Tortilla Espanola (Spanish Omelet)
(from "Spain and the World Table")
9 Yukon Gold potatoes (about 2 pounds) peeled and sliced 1/8 inch thick
1 3/4 teaspoon salt, divided
1/2 cup plus 2 tablespoons extra virgin olive oil, divided
1 cup chopped yellow onions
1/3 cup chopped red bell pepper
1/3 cup chopped green bell pepper
1/2 cup diced chorizo sausage
1 cup diced Serrano ham
10 large eggs
Beat eggs and 3/4 teaspoon salt in a large bowl until smooth. Set aside.
Toss sliced potatoes with 1 teaspoon of salt. Heat 1/2 cup olive oil in a large non-stick or well seasoned frying pan. Add potatoes and cook, stirring occasionally, until the potatoes begin to soften (approximately 5 minutes).
Add the onions, peppers, sausage and ham. Continue to cook, stirring occasionally, until potatoes are tender, another 5-10 minutes).
Drain the potato mixture and add it to the eggs. Stir until well combined.
Clean the frying pan then return it to medium heat. Add 2 tablespoons of olive oil. When the oil is quite hot add the potato mixture, smoothing it evenly in the pan.

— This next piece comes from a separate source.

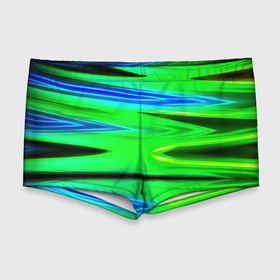Мужские купальные плавки 3D с принтом Green  blut geometry в Тюмени, Полиэстер 85%, Спандекс 15% |  |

Reduce heat to low. Cook the egg mixture, gently shaking the pan occasionally to prevent sticking, until the mixture is set (approximately 8 minutes).
Remove pan from heat. Cover the omelet with a large plate ( a flat pan lid or omelet turner be used instead) then flip the pan, inverting the omelet onto the plate. Slide the omelet back into the pan to cook the other side until lightly browned (approximately 5 minutes).
Transfer the omelet to a serving plate. Cut into wedges or squares. Serve hot or at room temperature.
I could not find Serrano ham at any local markets. In this case I substituted prosciutto.
To my taste, the amount of salt can be reduced by about half.
Like any omelet, this dish is very generous in allowing for variations of quantities and ingredients to be added to the basic mixture of eggs and potatoes. Either ham or sausage or neither might be added. Likewise the mixture of vegetables or color of peppers might vary according to what is on hand.